Figure 5. Chloroplast sublocalization of plant FtsZ1 and FtsZ2 proteins

(A) Western blot analysis of protein fractions (30 μg of each) from chloroplasts (lane 1), thylakoids (lane 2), stroma (lane 3), IEM (lane 4) and OEM (lane 5) with antibodies against plant FtsZ1 and FtsZ2 proteins, IE37, OE24 and KARI (a stromal protein). (B) Purified plastid envelopes (30 μg of protein) were incubated for 30 min in the indicated media and the proteins were separated into insoluble (P) and soluble (S) fractions. These fractions, together with purified envelope proteins (Ev), were fractionated by SDS/PAGE, blotted and reacted with the anti-FtsZ2 antibody. (C) Purified envelopes from control chloroplasts (lane 1) and from chloroplasts treated with 100 μg·ml⁻¹ (lane 2) or 600 μg·ml⁻¹ (lane 3) thermolysin were probed with antibodies against FtsZ2, IE37, OE24 and KARI.

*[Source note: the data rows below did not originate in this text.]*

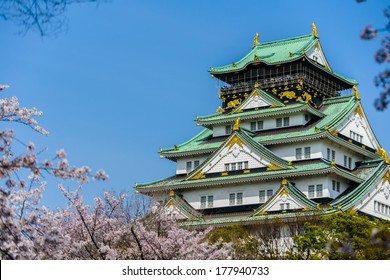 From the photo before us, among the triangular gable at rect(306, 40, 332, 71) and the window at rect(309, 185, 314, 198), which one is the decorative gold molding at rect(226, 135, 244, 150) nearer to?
the window at rect(309, 185, 314, 198)

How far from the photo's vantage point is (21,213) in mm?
20188

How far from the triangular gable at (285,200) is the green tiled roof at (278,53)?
1104 centimetres

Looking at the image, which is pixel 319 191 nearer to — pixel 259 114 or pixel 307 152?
pixel 307 152

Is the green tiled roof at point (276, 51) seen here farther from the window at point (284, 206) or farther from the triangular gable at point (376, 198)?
the window at point (284, 206)

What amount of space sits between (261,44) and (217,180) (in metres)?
13.9

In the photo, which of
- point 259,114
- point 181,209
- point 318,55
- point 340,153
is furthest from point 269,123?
point 181,209

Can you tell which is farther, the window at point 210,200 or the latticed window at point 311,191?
the window at point 210,200

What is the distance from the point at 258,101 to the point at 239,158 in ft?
17.1

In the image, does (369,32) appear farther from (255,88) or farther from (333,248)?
(255,88)

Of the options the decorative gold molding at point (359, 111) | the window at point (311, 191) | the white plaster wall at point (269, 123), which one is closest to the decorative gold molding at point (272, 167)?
the window at point (311, 191)

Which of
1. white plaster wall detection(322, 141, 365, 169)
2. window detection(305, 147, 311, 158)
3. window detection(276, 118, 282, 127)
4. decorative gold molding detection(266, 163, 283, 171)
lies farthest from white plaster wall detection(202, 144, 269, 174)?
white plaster wall detection(322, 141, 365, 169)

Figure 6. Sub-plastidial localization of FtsZ2 using immunogold techniques

Intact spinach chloroplasts were immobilized, fixed and observed under electron microscopy (A) or incubated successively with anti-FtsZ2 antibody and goat anti-(rabbit IgG) conjugated to colloidal gold. Panels (B) and (C) show FtsZ2 labelling within the chloroplast and in contact with the chloroplast envelope respectively. Higher-magnification images of the gold clusters indicated with the arrows are shown in the bottom left corners in (B) and (C). The IEM and OEM are indicated by arrowheads in (C). The scale bars correspond to 1 μm in (A) and 50 nm in (B) and (C).

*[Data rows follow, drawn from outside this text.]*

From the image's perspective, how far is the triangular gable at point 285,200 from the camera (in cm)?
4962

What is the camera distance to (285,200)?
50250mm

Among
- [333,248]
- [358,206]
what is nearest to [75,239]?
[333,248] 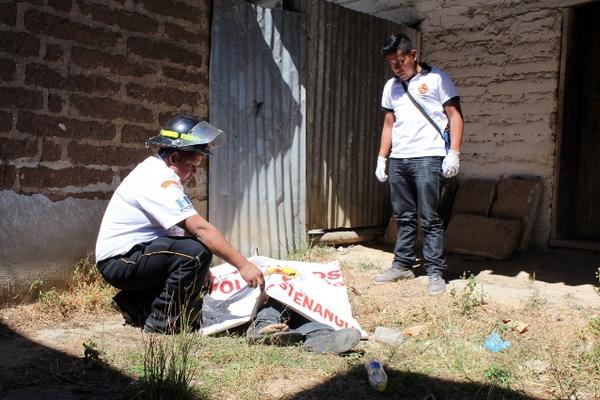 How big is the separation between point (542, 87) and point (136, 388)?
504 cm

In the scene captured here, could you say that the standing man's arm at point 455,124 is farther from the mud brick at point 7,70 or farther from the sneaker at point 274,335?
the mud brick at point 7,70

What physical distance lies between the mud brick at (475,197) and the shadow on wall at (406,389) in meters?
3.54

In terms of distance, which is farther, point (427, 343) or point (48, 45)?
point (48, 45)

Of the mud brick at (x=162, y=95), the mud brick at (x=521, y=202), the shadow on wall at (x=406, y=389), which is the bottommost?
the shadow on wall at (x=406, y=389)

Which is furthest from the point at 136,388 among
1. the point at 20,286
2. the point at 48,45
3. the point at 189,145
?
the point at 48,45

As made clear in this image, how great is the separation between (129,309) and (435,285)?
2.24 m

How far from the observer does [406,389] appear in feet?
9.33

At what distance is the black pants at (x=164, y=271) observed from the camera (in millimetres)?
3348

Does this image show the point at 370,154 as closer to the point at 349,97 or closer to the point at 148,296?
the point at 349,97

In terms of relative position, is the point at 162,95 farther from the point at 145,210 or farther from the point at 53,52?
the point at 145,210

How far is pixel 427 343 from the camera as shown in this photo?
11.5 feet

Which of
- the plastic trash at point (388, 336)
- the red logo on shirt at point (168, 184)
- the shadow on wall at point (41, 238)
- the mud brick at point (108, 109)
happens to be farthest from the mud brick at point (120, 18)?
the plastic trash at point (388, 336)

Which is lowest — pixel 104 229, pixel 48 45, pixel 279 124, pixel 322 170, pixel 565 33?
pixel 104 229

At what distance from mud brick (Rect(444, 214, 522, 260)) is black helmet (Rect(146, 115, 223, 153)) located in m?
3.36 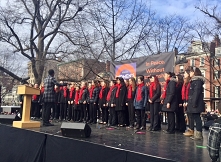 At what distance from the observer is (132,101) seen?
27.5ft

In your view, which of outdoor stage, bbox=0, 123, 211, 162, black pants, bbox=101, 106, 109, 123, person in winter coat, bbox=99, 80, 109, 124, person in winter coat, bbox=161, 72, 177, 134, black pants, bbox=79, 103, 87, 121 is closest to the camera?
outdoor stage, bbox=0, 123, 211, 162

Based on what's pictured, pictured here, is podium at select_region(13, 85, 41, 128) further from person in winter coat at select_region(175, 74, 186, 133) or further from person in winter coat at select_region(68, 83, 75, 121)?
person in winter coat at select_region(175, 74, 186, 133)

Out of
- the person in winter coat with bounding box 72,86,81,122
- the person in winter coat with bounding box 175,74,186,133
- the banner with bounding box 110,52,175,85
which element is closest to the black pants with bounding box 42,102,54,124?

Figure 7. Proposed sequence of events during chloroplast division

Stage I: localization of FtsZ2 at a contact site between the OEM and IEM. FtsZ2, in association or not with other proteins, forms a protein bridge spanning the two membranes and connecting the outside surface of the chloroplast to the stroma (black rectangles). Stage II: interaction of FtsZ1 (grey circles) with the membrane-bound FtsZ2 protein complex. Stage III: formation of the FtsZ1 ring. Stage IV: FtsZ2 (black circles) interacts with the FtsZ1 ring, allowing the recruitment of new proteins and the formation of the inner PD-ring. Concomitantly, or soon afterwards, the outer PD-ring and the dynamin ring are formed on the cytoplasmic side of the chloroplast. IMS, inner membrane space.